I did this and found it really helped, I was a member of a gym that had a crèche and remember booking my toddler in for an hour like I usually did and sitting in the cafe with my baby and a coffee. Obviously I realise things are lot more expensive now. I worked out which toddler groups worked with having two DC and which ones were a bit tricky and I went for walks too and went shopping too.

Babyboomtastic · 11/12/2024 20:34

Yes, honestly you've got to get out and about for everyone's sanity. Get up and out somewhere, home for lunch, nap and then some tv whilst it's cold and dark outside.

If baby doesn't like sling I wouldn't give up on it, I'd go and talk to whistling library for advice on different types of slings and also fit. Some people (I'm not saying this is necessarily the issue), don't tighten the sling enough because they're worried about hurting baby, and that can lead to the baby feeling insecure and unhappy compared with it being a snug hug. Some babies prefer their legs tucked up some of the legs out, some prefer a softer stretchy style wrap initially. You may never get there with a sling, but the rewards if you do are so awesome its worth persevering, especially for a second where you could do with having hands-free.

Calliopespa · 11/12/2024 20:46

bakewellbride · 11/12/2024 20:03

Op I know this doesn't help you right now but just know that everything is going to be ok. My now 6 year old had loads of screen time while i breastfed his younger sister and I can assure you he is a happy and healthy 6 year old now, doing great at school etc. I struggled so much during my youngest's first year and was depressed and overwhelmed. But again the baby herself is unaffected. She tells me she loves me every day (now nearly 3) and we have an amazing bond.
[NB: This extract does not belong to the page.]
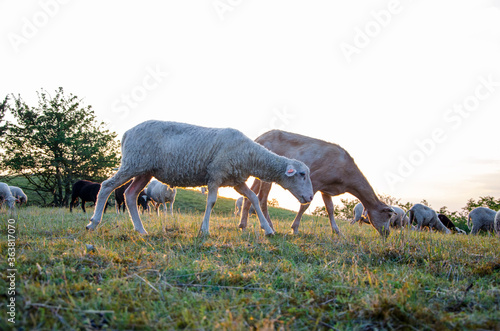 grazing sheep in the meadow at sunset, gold watch © Veronika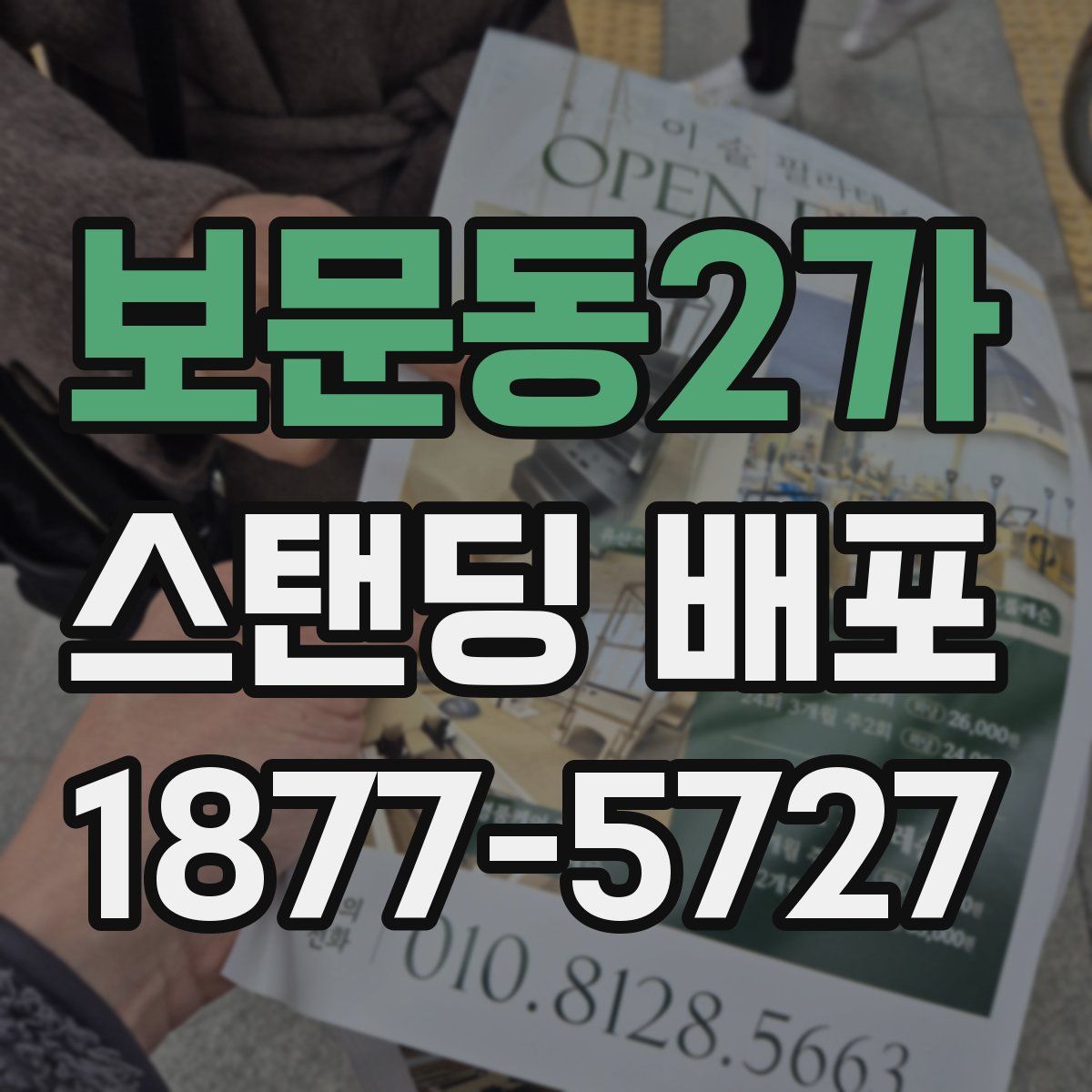 보문동2가 스탠딩 배포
What I'm trying to say is don't stress too much about screen time, activities or bonding. Just do your best to survive and it will all come good and get much easier. Flowers

Yes this op. The important thing is get through it as happily as possible. Our paediatrician liked dvds! He said provided an adult sits with them and talks about it here and there ( just inane stuff like “ oh look Thomas is getting tired isn’t he! He has to chug up that very steep hill”) it’s not really any different from a book. He said it’s a way of keeping them still and safe while you feed baby etc.